Reply To: What is dukkha dukkha?

#16169
Lal
Keymaster

Akvan said: “According to this sutta, the bodily pain is referred to as duka vedana. Both the ariya and anariya will feel this duka vedana. But there is second duka that an anariya will feel, and that I think is the dukka dukka.”

The sutta says that a normal human will feel both bodily and mental suffering, and that a Noble Person will only the bodily suffering (of course, the mental suffering gradually reduces with higher magga phala and is totally eliminated only at the Arahant stage).

So, the suffering that is common to both is the bodily suffering and that is the dukkha dukkha. For an Arahant, that also is stopped at Parinibbana.

This is very clear in the sutta in the verse that comes right after the last verse you quoted, which says: “Seyyathāpi, bhikkhave, purisaṃ sallena vijjheyya. Tamenaṃ dutiyena sallena anuvedhaṃ na vijjheyya. Evañhi so, bhikkhave, puriso ekasallena vedanaṃ vedayati. Evameva kho, bhikkhave, sutavā ariyasāvako dukkhāya vedanāya phuṭṭho samāno na socati, na kilamati, na paridevati, na urattāḷiṃ kandati, na sammohaṃ āpajjati. So ekaṃ vedanaṃ vedayati—kāyikaṃ, na cetasikaṃ“.
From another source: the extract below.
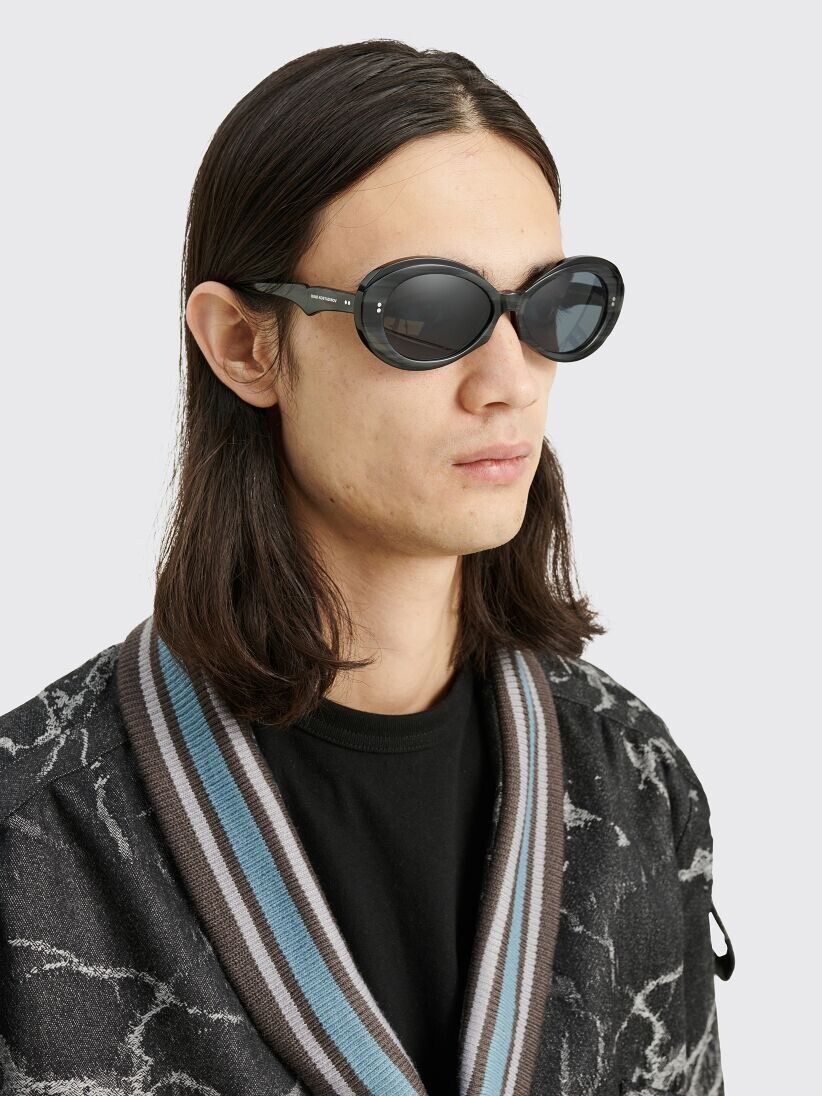 Pre-owned Kiko Kostadinov Aw22 Rune Sunglasses Phantom In Black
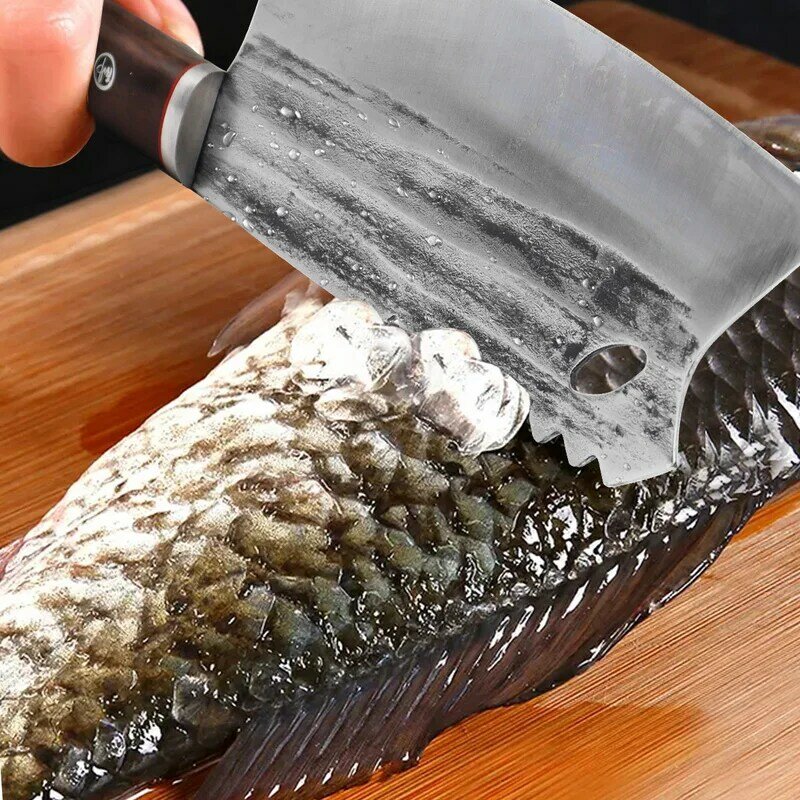 سكين المطبخ الفولاذ المقاوم للصدأ اللحوم تقطيع سكين قطع الخضار الصينية سكين الطاهي سكينة للطبخ جزار السكاكين سكين الأسماك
Translated, not word by word, but to give the idea: “Bhikkhus, Suppose a man were to be shot with a spear. In addition to the physical pain, he would become distraught by the injury and suffer mentally too. That is like being pierced by the spear twice. A Noble Person pierced by the same spear will have only that bodily suffering, and no mental suffering”.

The difference is that the Noble Person would realize that the bodily injury is due to a kamma vipaka, and there is nothing one can do, but to take steps to heal it. There is no point in worrying about it.

The mental suffering that will be stopped totally at the Arahant phala moment is also called “samphassa ja vedana“; see, “Vēdanā (Feelings) Arise in Two Ways“.